Notes on Web and Service Workers

Ivan Herman edited this page Jun 30, 2015 · 4 revisions

This is just jotting down my (very limited) understanding on Web Workers and Service Workers and how they would/could influence the future of EPUB-WEB. Very drafty, any comments/updates are welcome!

Note that this is also relevant to issue #29.

Web Workers

A Web Worker, from the editor's draft:

defines an API that allows Web application authors to spawn background workers running scripts in parallel to their main page. This allows for thread-like operation with message-passing as the coordination mechanism.

(See, e.g., the blog of Eric Bidelman, the Wikipedia page, the Mozilla developers' network page, or the latest editor's draft for further details.)

The important point is that a Javascript code running in a Web Worker is running in a concurrent thread or process to the main javascript thread of a Web page, instead of being controlled by its Javascript event loop (which, though providing asynchronous access to resources, always runs in a single thread). This means that a page can spawn a Web Worker to perform a potentially costly operation without significantly affecting the operation of the "main" thread of the page.

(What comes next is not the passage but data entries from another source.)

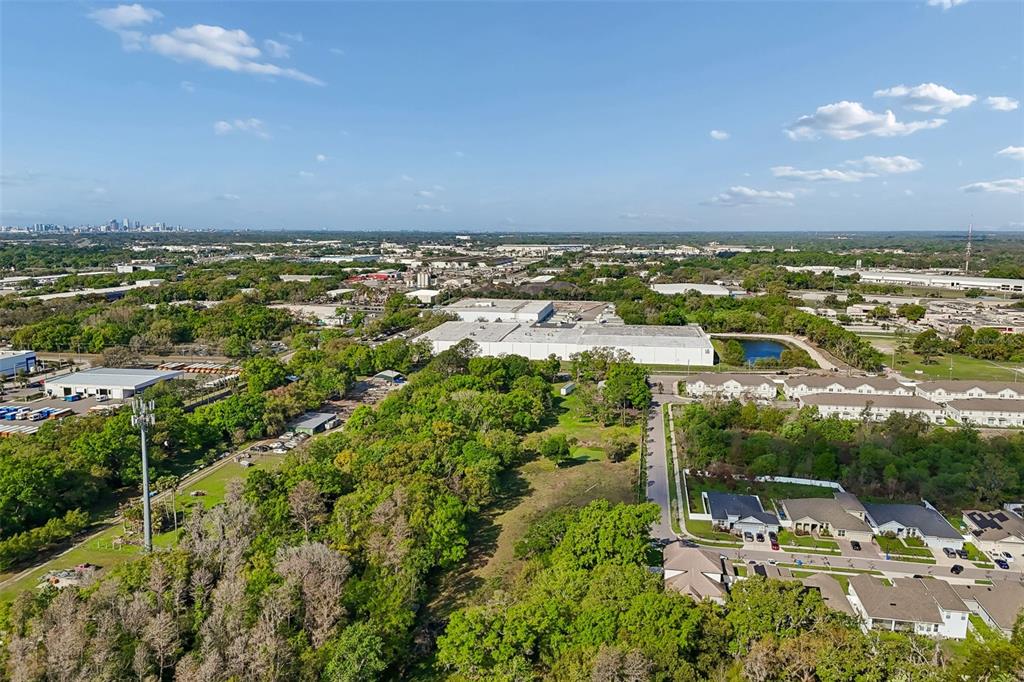6213 Orient Road Tampa, FL 33610 - Photo 19 of 51 an aerial view of residential building and car parked
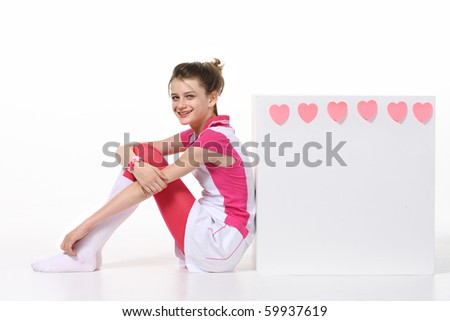 Lonely little girl sitting on white background. Teenage girl fall in love. Copy space. Happy Valentines Day!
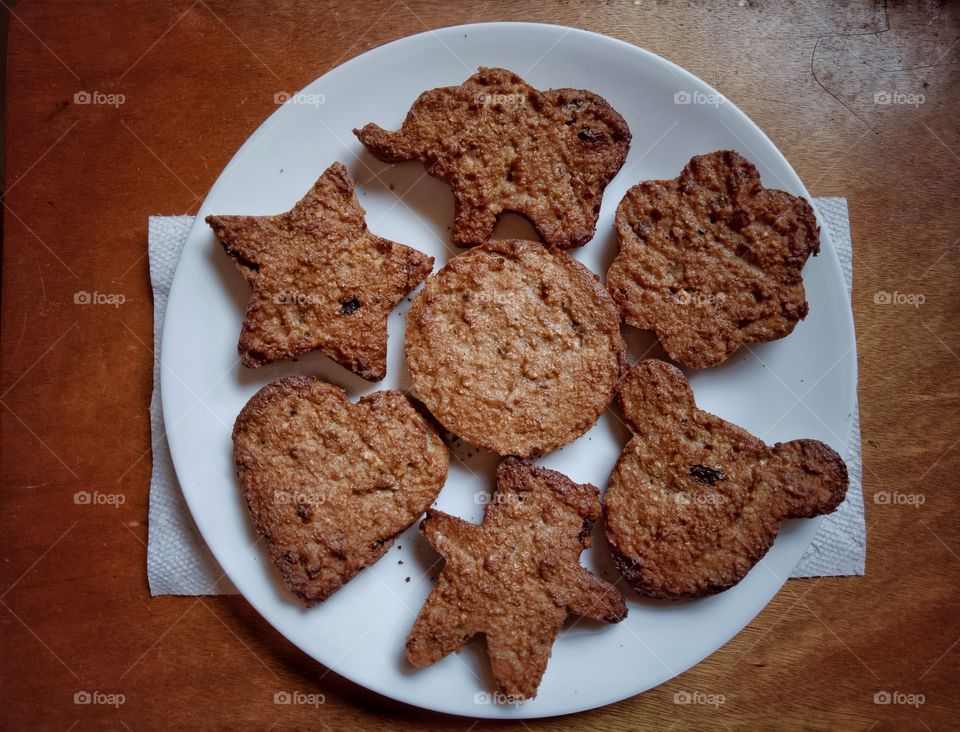 Matzo meal cookies, brown in a white round plate with brown background. Shaped cookies.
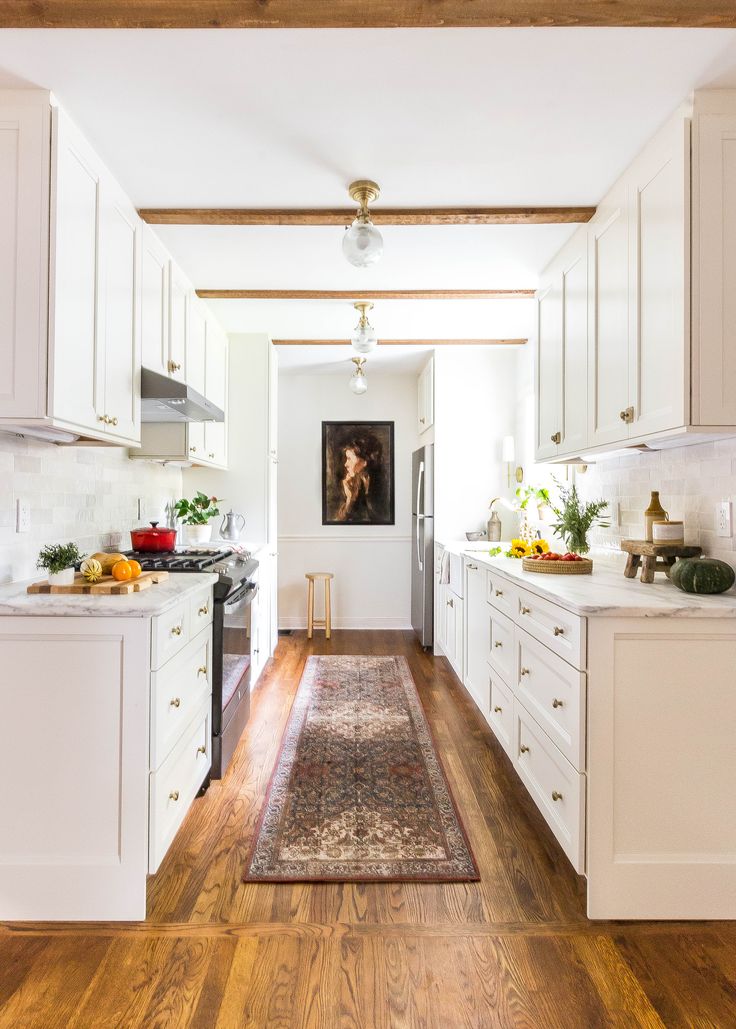 the kitchen is clean and ready for us to use it's white cabinetry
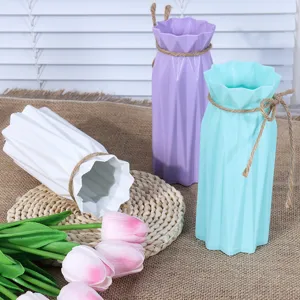 Modern plastic flower vase for home decor, break-resistant decorative vase with rope.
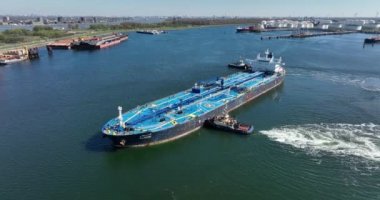 Rotterdam, 18 Nisan 2022, Hollanda 'da. Ham Petrol Tankeri gemisi Alhani bir römorkör gemisiyle limana yanaşıyor. Hava aracı görünümü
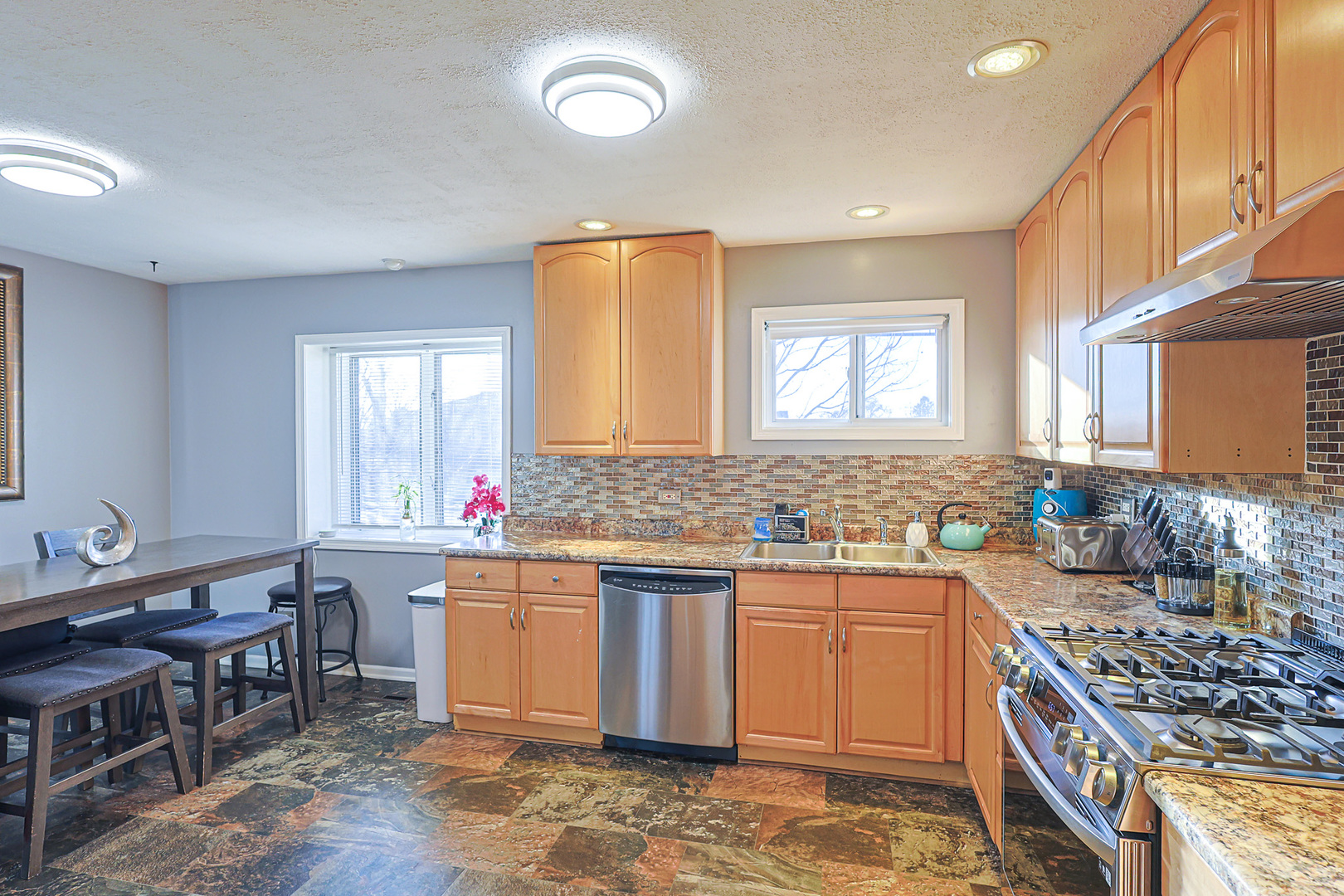1501 Pawnee Road Carpentersville, IL 60110 - Photo 15 of 22 a kitchen with a sink stove and cabinets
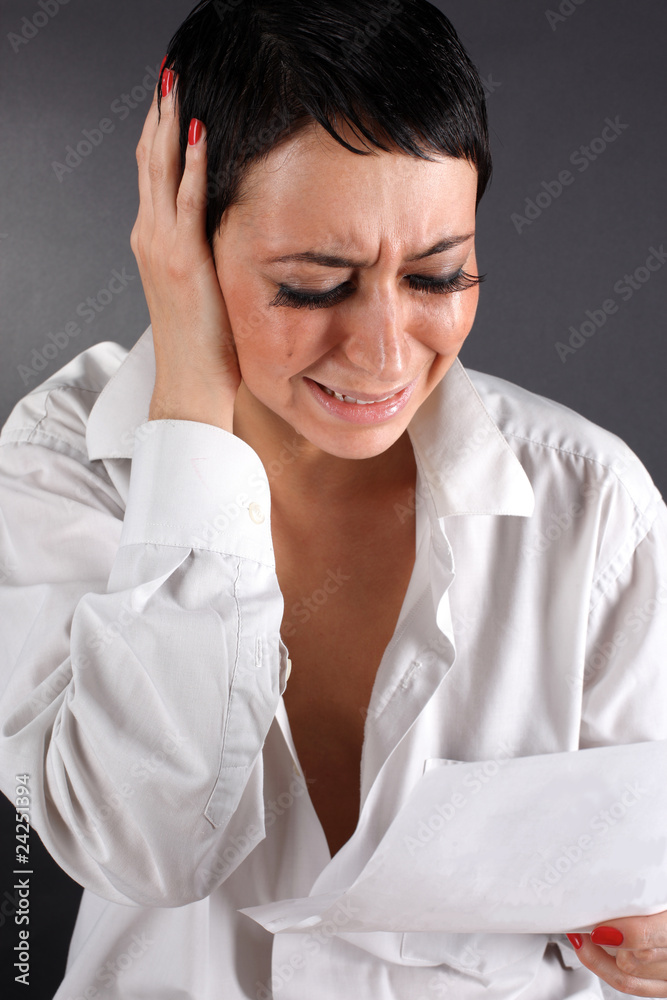 bad news - depression woman with tears holding letter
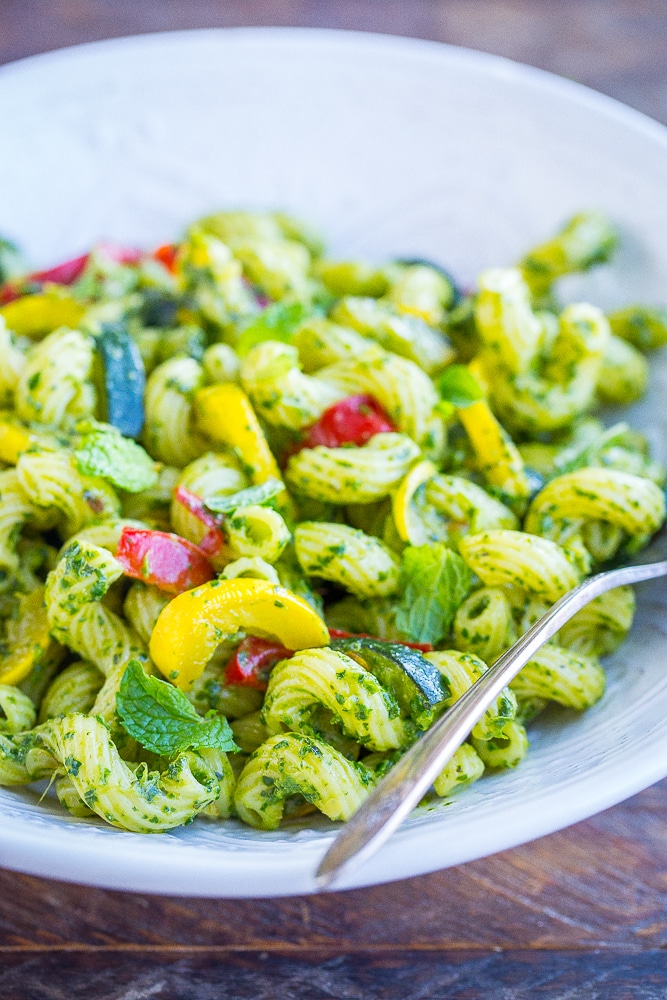 Close up view of pesto pasta with summer vegetables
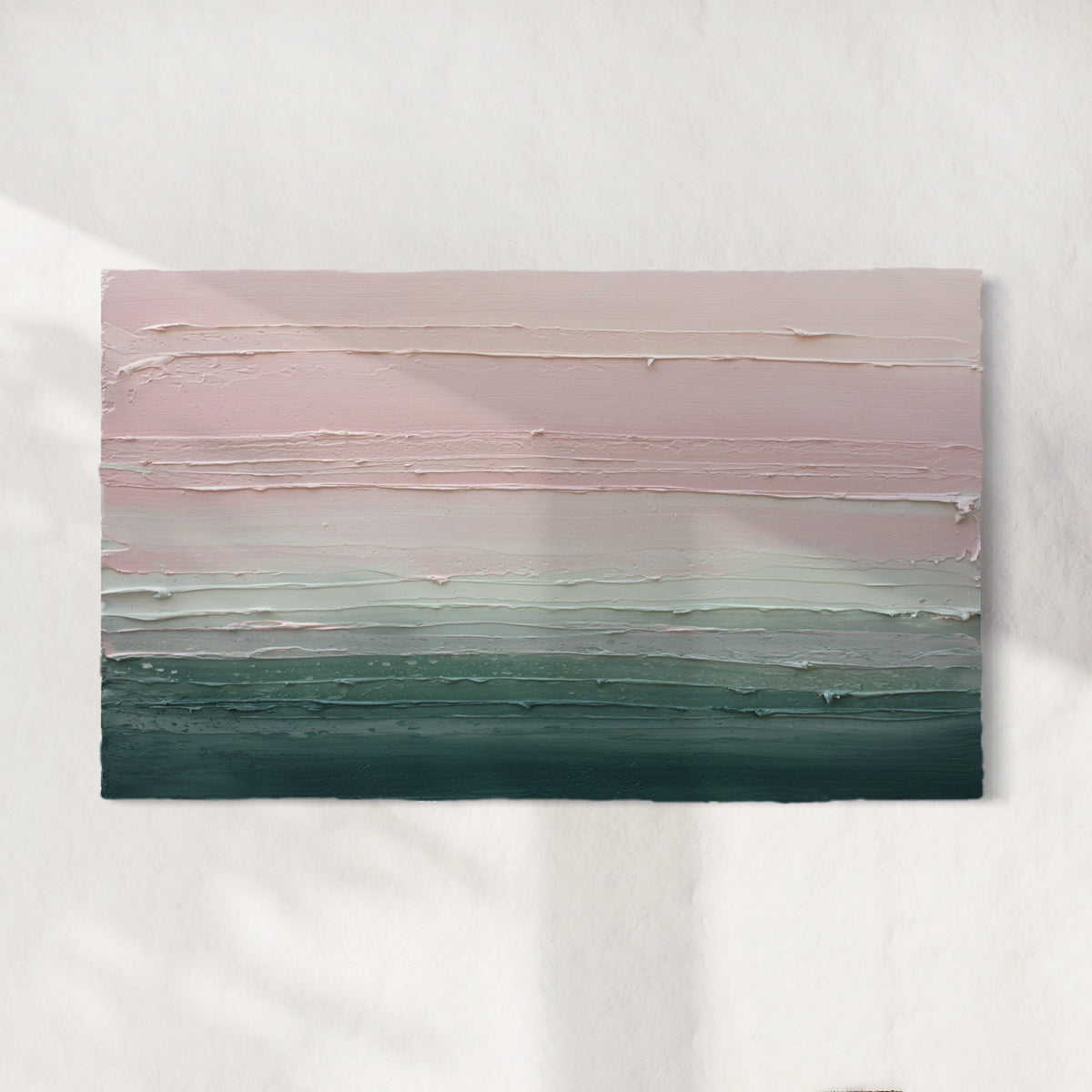 A light Coral, light pink, celadon and hunter green thickly textured abstract painting by Teodora Guererra hanging on a white wall.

Workers (including the main thread of the page) communicate with one another using a simple message passing protocol; a worker is (as usual in Javascript land) usually event-driven, waiting for messages to arrive and to react upon.

A Web Worker has access to operations like Web Sockets, HTTP access, or file system access, but it does not have access to the originating page's DOM. In terms of EPUB-WEB what it means is that a Web Worker can be used to unpack a whole package in the background, possibly unpacking or uncompressing constituent parts (note that a Web Worker may also spawn other Web Workers).

Service Workers

A Service Worker is a special type of Web Worker, but with additional features:

  • Service Worker is a programmable network proxy, allowing the main page's thread to control how network requests from that page are handled. Especially it has, as part of its specification an interface to handle a local cache for networked data.
  • A Service Worker is registered in a browser; this means the worker will stay alive even if the user moves away from the main page, and can be accessed later if he/she returns to it (I hope I got that right…).
  • At the time of registration the caller handles over a "scope" which lists all the static pages it is in control of (via its cache). This also means that once the content is in the cache, the browser can operate with the same content regardless on whether it is on-line or off-line.

There are more additional features, but those are not directly relevant to the model related to EPUB-WEB.

(See, e.g., the blog of blog of Matt Gaunt, the Mozilla developers' network page, or the editor's draft.)

It is conceivable that a Service Worker, combined with the OCF File System Container (which may be part of EPUB3.1) or something similar could play the rule of an ebook reading system without any kind of packaging (although some files may be compressed). The Service Worker's "scope" would be the ebook content (i.e., the whole book would loaded into the cache); the main "reading" cycle thread would handle the content as any other Web page, regardless on whether the page would have to be downloaded or not. In other words, the off-line vs. on-line can be handled by a Service Worker.

See also Brady's email on that.

Note that, in that package-less approach the manifest file is still of importance. That would determine what should be in the scope or not, for example…

Both Web Workers and Service Workers are at the bleeding edge of current Web development, and they are still rough at the edges. I have not idea how long it will take for them to become stable enough to rely upon for something like EPUB-WEB…

Random comments & Notes

Service Workers have additional security concerns.

  • Service workers, if my understanding is correct, must be connected through HTTPS (and not HTTP).
  • There is a same origin restriction. The main javascript running in a page and the (registered) service workers should have the same origin. This may have some consequences on how a full reading system is deployed (if it is deployed, at the start at least, through some javascript add-ons)